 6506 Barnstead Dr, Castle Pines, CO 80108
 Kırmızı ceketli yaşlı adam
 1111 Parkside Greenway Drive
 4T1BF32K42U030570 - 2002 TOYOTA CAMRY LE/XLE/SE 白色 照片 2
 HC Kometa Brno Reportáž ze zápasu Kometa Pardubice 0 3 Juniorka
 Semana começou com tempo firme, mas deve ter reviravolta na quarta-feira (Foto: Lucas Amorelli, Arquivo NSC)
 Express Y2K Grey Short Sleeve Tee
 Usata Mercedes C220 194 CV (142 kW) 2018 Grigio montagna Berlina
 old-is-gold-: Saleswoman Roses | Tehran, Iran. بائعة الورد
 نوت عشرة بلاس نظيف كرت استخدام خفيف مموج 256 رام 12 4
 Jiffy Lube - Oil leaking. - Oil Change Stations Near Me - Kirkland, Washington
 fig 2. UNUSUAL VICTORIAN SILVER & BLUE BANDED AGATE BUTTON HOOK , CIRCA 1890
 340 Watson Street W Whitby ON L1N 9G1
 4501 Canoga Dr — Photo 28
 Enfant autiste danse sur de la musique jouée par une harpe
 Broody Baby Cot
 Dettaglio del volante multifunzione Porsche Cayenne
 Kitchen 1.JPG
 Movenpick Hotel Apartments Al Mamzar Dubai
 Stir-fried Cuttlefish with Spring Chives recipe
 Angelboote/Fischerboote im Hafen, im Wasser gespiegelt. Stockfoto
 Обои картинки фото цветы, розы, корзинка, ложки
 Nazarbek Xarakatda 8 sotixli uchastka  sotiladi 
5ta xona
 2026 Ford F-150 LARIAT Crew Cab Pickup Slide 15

------------------------------------------------------------------------

- What is being asked: Reproduce the material exactly, and keep every line as it is.

- Answer section:
 6506 Barnstead Dr, Castle Pines, CO 80108
 Kırmızı ceketli yaşlı adam
 1111 Parkside Greenway Drive
 4T1BF32K42U030570 - 2002 TOYOTA CAMRY LE/XLE/SE 白色 照片 2
 HC Kometa Brno Reportáž ze zápasu Kometa Pardubice 0 3 Juniorka
 Semana começou com tempo firme, mas deve ter reviravolta na quarta-feira (Foto: Lucas Amorelli, Arquivo NSC)
 Express Y2K Grey Short Sleeve Tee
 Usata Mercedes C220 194 CV (142 kW) 2018 Grigio montagna Berlina
 old-is-gold-: Saleswoman Roses | Tehran, Iran. بائعة الورد
 نوت عشرة بلاس نظيف كرت استخدام خفيف مموج 256 رام 12 4
 Jiffy Lube - Oil leaking. - Oil Change Stations Near Me - Kirkland, Washington
 fig 2. UNUSUAL VICTORIAN SILVER & BLUE BANDED AGATE BUTTON HOOK , CIRCA 1890
 340 Watson Street W Whitby ON L1N 9G1
 4501 Canoga Dr — Photo 28
 Enfant autiste danse sur de la musique jouée par une harpe
 Broody Baby Cot
 Dettaglio del volante multifunzione Porsche Cayenne
 Kitchen 1.JPG
 Movenpick Hotel Apartments Al Mamzar Dubai
 Stir-fried Cuttlefish with Spring Chives recipe
 Angelboote/Fischerboote im Hafen, im Wasser gespiegelt. Stockfoto
 Обои картинки фото цветы, розы, корзинка, ложки
 Nazarbek Xarakatda 8 sotixli uchastka  sotiladi 
5ta xona
 2026 Ford F-150 LARIAT Crew Cab Pickup Slide 15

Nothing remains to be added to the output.